Certains partisans de Zoran Djindjic ont déjà émis des alternatives à la convocation d’un nouveau scrutin. Le porte-parole des députés de la DOS au sein du Parlement de Serbie, Cedomir Jovanovic, a ainsi émis l’idée que le futur Président soit élu par le Parlement. Un changement aussi radical de la Constitution n’a pratiquement aucune chance d’être accepté dans le contexte de la crise actuelle. Mais cette idée avait sûrement pour but de «tester» l’opinion publique.

En fait, un grand désarroi semble régner dans le camp des partisans de Zoran Djindjic. Le ministre fédéral des Minorités nationales, Rasim Ljajic, a résumé la situation politique: il est bien peu probable, selon lui, que la DOS puisse trouver un nouveau candidat crédible pour des élections qui auraient lieu en décembre. Dans le même temps, la crise politique ne profite qu’au leader de l’extrême droite nationaliste, Vojislav Seselj, qui milite déjà pour devenir le candidat commun de «toute l’opposition». Le scénario d’une élection opposant Vojislav Kostunica à Vojislav Seselj est donc le plus probable.

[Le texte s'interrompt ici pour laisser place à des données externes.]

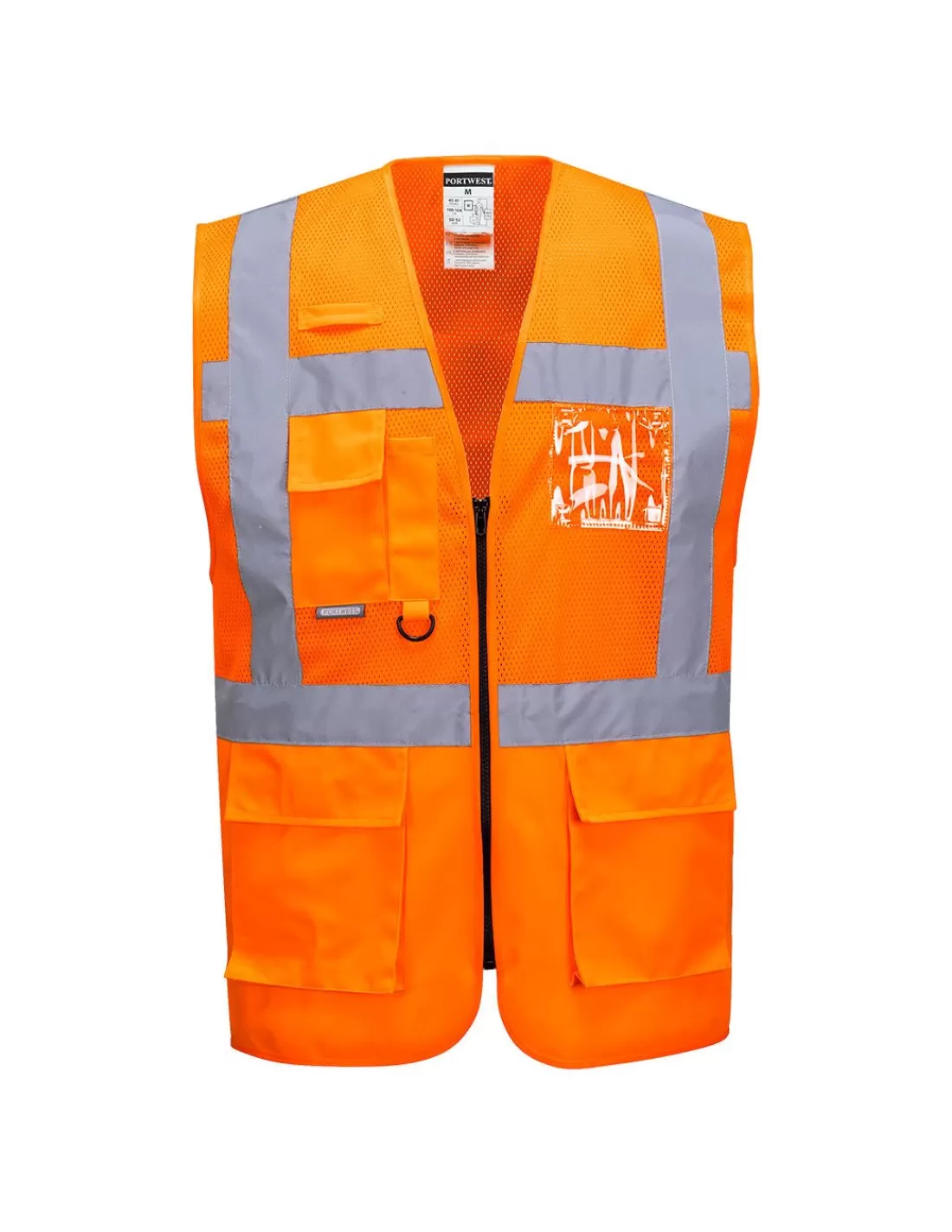 Outlet Gilet Hi Vis Zippé Multi-poches EN20471 C496 Portwest Gilet Haute Visibilite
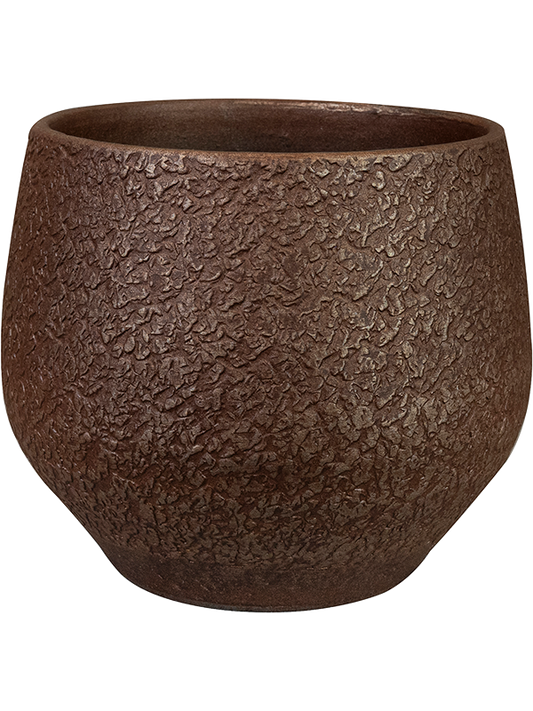 Noor Plant Pot 16cm Height 14cm Dia Pot Velvet Brown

Kostunica à nouveau candidat commun de toute l’ancienne opposition, réunifiée face à la menace de Vojislav Seselj ? Encore faudrait-il pour cela qu’un véritable compromis soit passé entre les frères ennemis de cette ancienne opposition. Il y a quelques mois, les partisans de Zoran Djindjic ont réussi le tour de force de retirer au DSS tous ses mandats parlementaires. La cour constitutionnelle doit se prononcer prochainement sur ce que les partisans de Vojislav Kostunica qualifient de «putsch parlementaire». Rasim Ljajic, pourtant proche de Zoran Djindjic, le reconnaît sans ambages: «c’est un véritable non-sens politique et juridique que le parti dont le candidat a obtenu deux millions de voix n’ait aucun représentant au sein du Parlement, ni dans les autres institutions», a-t-il déclaré.

L’invalidation de l’élection présidentielle n’était déjà pas un signe de stabilisation politique du pays. La crise politique dans laquelle se trouve plongée la Serbie pourrait avoir les pires conséquences, remettant notamment en cause l’évolution des discussions constitutionnelles avec le Monténégro. Si un compromis n’est pas rapidement trouvé, la cote de popularité de Vojislav Seselj pourrait en effet très vite remonter.